Agora em maio último, o primeiro-ministro japonês, na reunião do G7, deu uma entrevista ao Le Monde, dizendo o seguinte: “Nova crise global financeira está no horizonte”. Tentaram desfazer, mas ele já havia dado a entrevista. O banqueiro e professor francês, Patrick Artus, disse que a crise de 2007-2008 levou a um estado de “crise financeira permanente” na economia mundial. Em entrevista há pouco tempo (Valor Econômico), comentou que recém-lançara um livro sobre o assunto, intitulado A loucura dos bancos centrais. É que, além de economista, ele deve ser psiquiatra também – ou precisar dele. Mas ele ali ainda diz de importante o seguinte: “Hoje, há um excesso de liquidez de circulação, onde a base monetária do mundo, ou a liquidez criada pelos bancos centrais, é de 23 trilhões de dólares, comparada a 2 trilhões de dólares, há 20 anos. E essa liquidez, criada pelos Bancos Centrais, representa cerca de 30% do PIB mundial hoje. Era 6% no final dos anos 1990”. 

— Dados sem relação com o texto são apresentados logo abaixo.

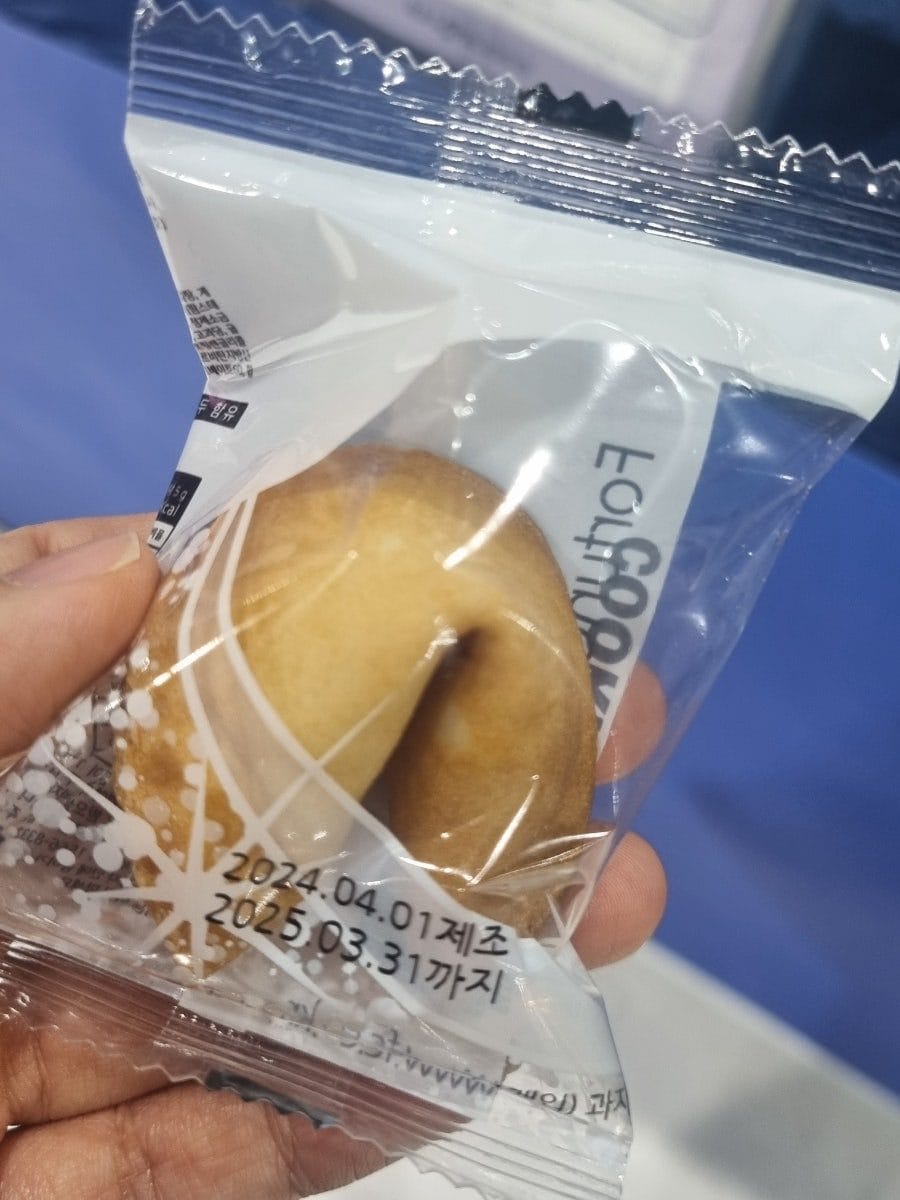 조금은 엄근진한 이미지인 불교를 새롭고 힙한 시선으로 해석한 작품들이 눈에 띠었어요.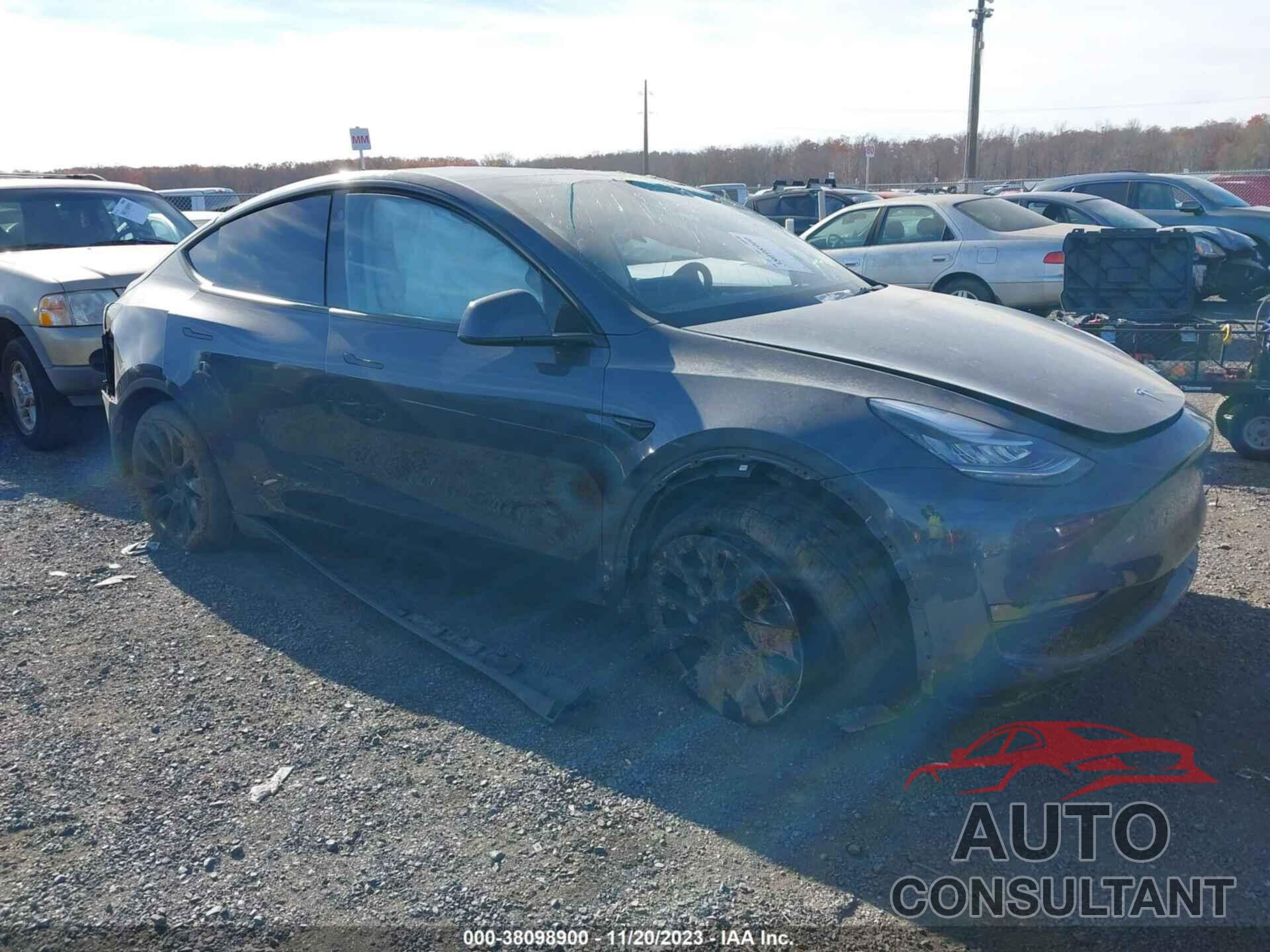 TESLA MODEL Y 2023 - 7SAYGDEE6PA118737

Nessa direção o professor Belluzzo escreveu com outro economista um artigo interessante, antes da entrevista desse Patrick, na qual ele diz o seguinte: “Em 2008, a bolha de bonds, de títulos, ações, era de 80 trilhões de dólares, hoje supera 100 trilhões de dólares. O mercado de derivativos, que usa essa bolha de bonds como colateral, supera 555 trilhões de dólares”. 

A conclusão dele, e de outros autores, é a de que estamos numa nova crise financeira. E, como disse enfaticamente Patrick, essa nova crise financeira no horizonte será pior do que a de 2008. Esse sujeito é um banqueiro de 70 anos de idade. Um homem rico, economista formado. Não tem nada que ficar dizendo tolices. Por isso, destaco que esse primeiro-ministro japonês tem toda razão em expressar que a tendência que temos pela frente é a de uma nova crise financeira.

Uma consideração final

O que considero muito pior: isso deve ocorrer quando estamos num estágio, ou numa outra fase dessa crise depressiva e cronificada, inédita, pelas características acima assinaladas, em que ela se desdobra para a periferia do capitalismo. No nosso caso, a América Latina e o Caribe, o processo que resulta da crise global e europeia, e mais recentemente a desaceleração (controlada) da China, reserva-nos um agravamento no descenso das taxas de crescimento econômico e um aumento do desemprego desde o segundo semestre de 2011 (Cepal, Comissão Econômica para a América Latina).